The techniques of this discourse are similar to the way the gospel stories at times present Jesus in the classic philosopher’s role of the man of piety and discernment, a role we find played throughout the literature of the ancient world, and not only by the Jobs and Solomons of the biblical world, but in all ancient philosophical literature from the schoolroom textbooks of Bronze Age Egypt to the peripatetic cynic philosophers of Hellenistic literature. I can think of no clearer example than two paired stories of David and of Jesus. In each, the central hero of the narration goes to the mountain to pray.
. . .
This is reiterated history, a philosophical discourse of a tradition’s meaning.
(The Mythic Past, 16-23 – my bolding)
One small snippet of Thompson’s discussion of the gospels’ continuation of the technique and mindset:
The interpretive technique that Matthew uses shares the perspective of the Psalter. Matthew 26: 30 introduces the story of Jesus’ prayer in the garden of Gethsemane: ‘After they had sung a psalm, they went out to the Mount of Olives.’ The reference to singing a psalm at first appears inconsequential, until one realizes that Matthew knows his Psalter well. Not only does he use the David story of II Samuel 15 for Jesus’ prayer, but he introduces his reiteration of this story with a cryptic reference to the singing of Psalm 3, the very same song that the titles in the Book of Psalms had placed in David’s mouth. Psalm 3: 6-7 makes this argument certain. ‘I lay down to sleep; I awake because the Lord has supported me.’ Matthew reiterates this verse as his audience’s voice of a new Israel, in a subtle contrast to the threefold episode of the faithless disciples who sleep but do not wake (Matt. 26: 38-46).
(The Mythic Past, 71 – my bolding)
Nanine Charbonnel’s focus is on the gospels as narratives of “messianic time”, a time that exists in one sense “outside time” in a way similar (I won’t go further than “similar“) to Thompson’s understanding of “biblical history”. From Charbonnel’s perspective, then, Thompson’s thoughts on the messianic passages in Psalms are interesting:
The messianic metaphors of Psalms 2 and 8 are not evidence of beliefs or expectation that such a figure will some day come and save the people. That is an expectation and characteristic implicit only in later literature. It is possible that such millennial beliefs do not become typical of the tradition until some time after Jerusalem’s destruction in the year 70 CE. In the Old Testament, and in most New Testament texts for that matter, we are dealing primarily with literary metaphors and motifs. The recurrent interplay of such song and story did create what we can well describe as a metaphorical reality: a myth, as an expression of the heavenly reality implied by our texts. Here the heavenly battle of Yahweh and his messiah against the powers of evil, which is echoed in the daily struggles of the followers of the theology of the way, seems to have been quite real to the bearers of this tradition. In their faithfulness to the way of the torah, they too fight in such a battle. The evidence for this is abundant throughout most of the tradition that deals with the messiah. It particularly marks the traditions that have presented David as the messiah.

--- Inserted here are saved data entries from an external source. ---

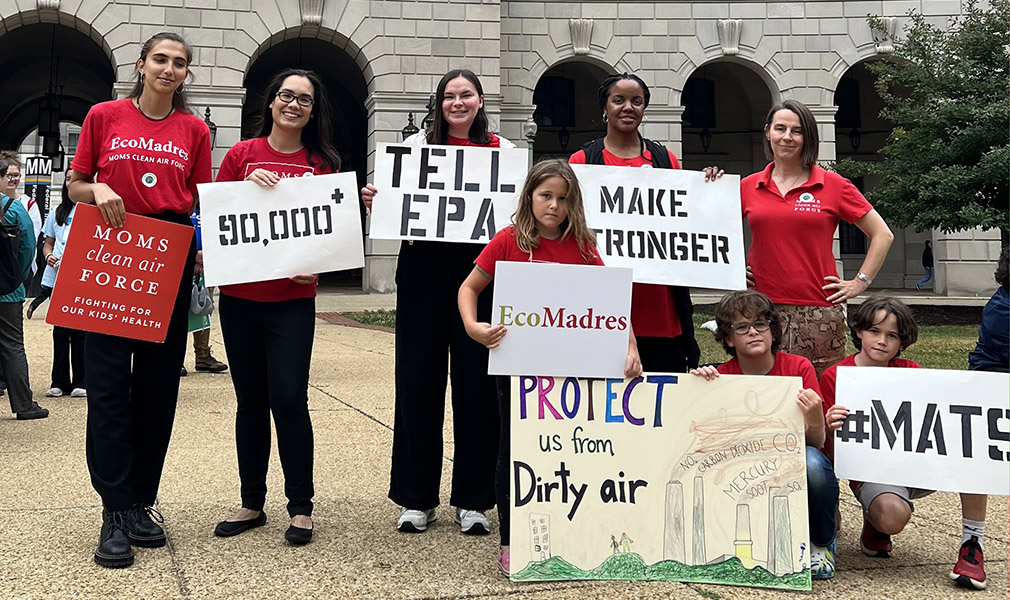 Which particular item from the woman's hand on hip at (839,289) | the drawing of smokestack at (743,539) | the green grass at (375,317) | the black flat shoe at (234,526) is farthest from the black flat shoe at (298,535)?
the green grass at (375,317)

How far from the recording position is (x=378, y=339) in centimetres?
1308

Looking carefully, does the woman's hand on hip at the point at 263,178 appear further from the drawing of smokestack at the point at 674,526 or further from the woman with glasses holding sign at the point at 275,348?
the drawing of smokestack at the point at 674,526

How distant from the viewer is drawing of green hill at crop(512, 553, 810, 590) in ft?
10.8

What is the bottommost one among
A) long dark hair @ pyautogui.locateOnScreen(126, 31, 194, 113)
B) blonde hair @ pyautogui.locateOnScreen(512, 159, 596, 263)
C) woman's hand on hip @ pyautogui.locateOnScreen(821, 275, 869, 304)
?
woman's hand on hip @ pyautogui.locateOnScreen(821, 275, 869, 304)

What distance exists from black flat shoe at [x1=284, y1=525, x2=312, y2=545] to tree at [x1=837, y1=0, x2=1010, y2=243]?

(The Mythic Past, 291 – my bolding)
There is much I could discuss from these passages but I will hold back and allow each of you your own reflections.
I am in new territory here. It is slow but interesting work.
Charbonnel, Nanine. 2017. Jésus-Christ, Sublime Figure de Papier. Paris: Berg International éditeurs.
Thompson, Thomas L. 1999. The Mythic Past: Biblical Archaeology and the Myth of Israel. New York: Basic Books.